**Work order:** In the entries below, copy only the lines from the one that contains "حلوة ريشبوند بطريقة" through the last line, exactly, and omit any pictures.

----- Records supplied

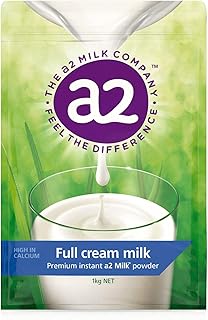 a2 Instant Milk Powder Full Cream 1 kg (Australia Import)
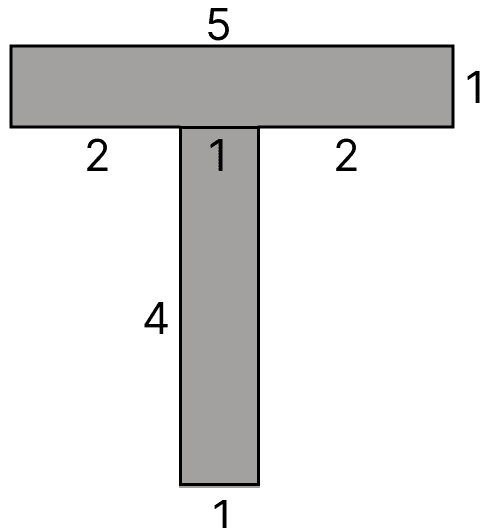 Split the following shapes into rectangles and find their areas. (The measures are given in centimetres): Perimeter & Area Mensuration, ML Aggarwal Understanding Mathematics Solutions ICSE Class 6.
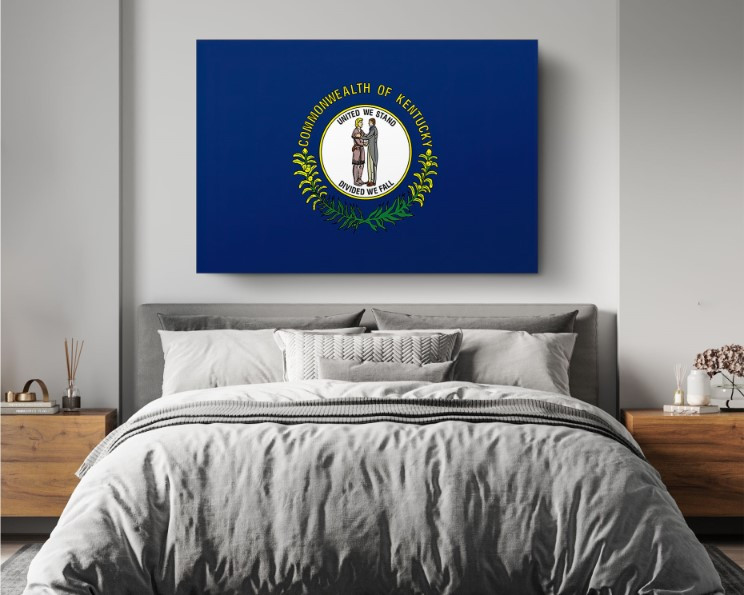 Kentucky State Flag USA Flags Edition Canvas Wall Art Home Decoration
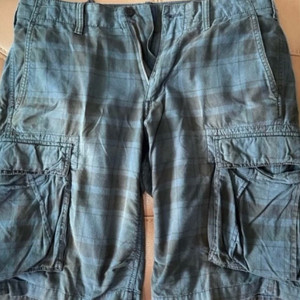 Gap 갭 블랙와치 블랙워치 카고 팬츠 반바지 32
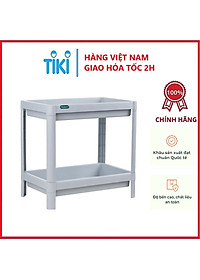 Kệ chữ nhật để đồ đa năng Osaka HOKORI 2 tầng nhựa VIỆT NHẬT cao cấp - Đựng đồ phòng tắm, gia vị, úp chén bát - Hàng chính hãng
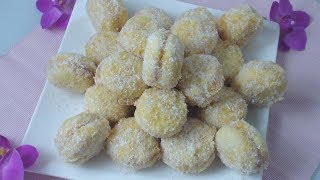 حلوة ريشبوند بطريقة جد مبسطة Richbond Cookies  Coconut Cookie Balls [upl. by Sirtaeb]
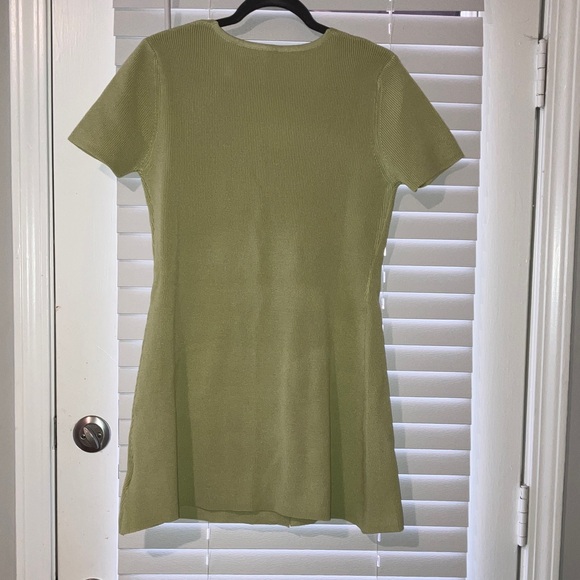SHEIN Olive Green Mini Dress - Picture 6 of 6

----------

**Solution:**
 حلوة ريشبوند بطريقة جد مبسطة Richbond Cookies  Coconut Cookie Balls [upl. by Sirtaeb]
SHEIN Olive Green Mini Dress - Picture 6 of 6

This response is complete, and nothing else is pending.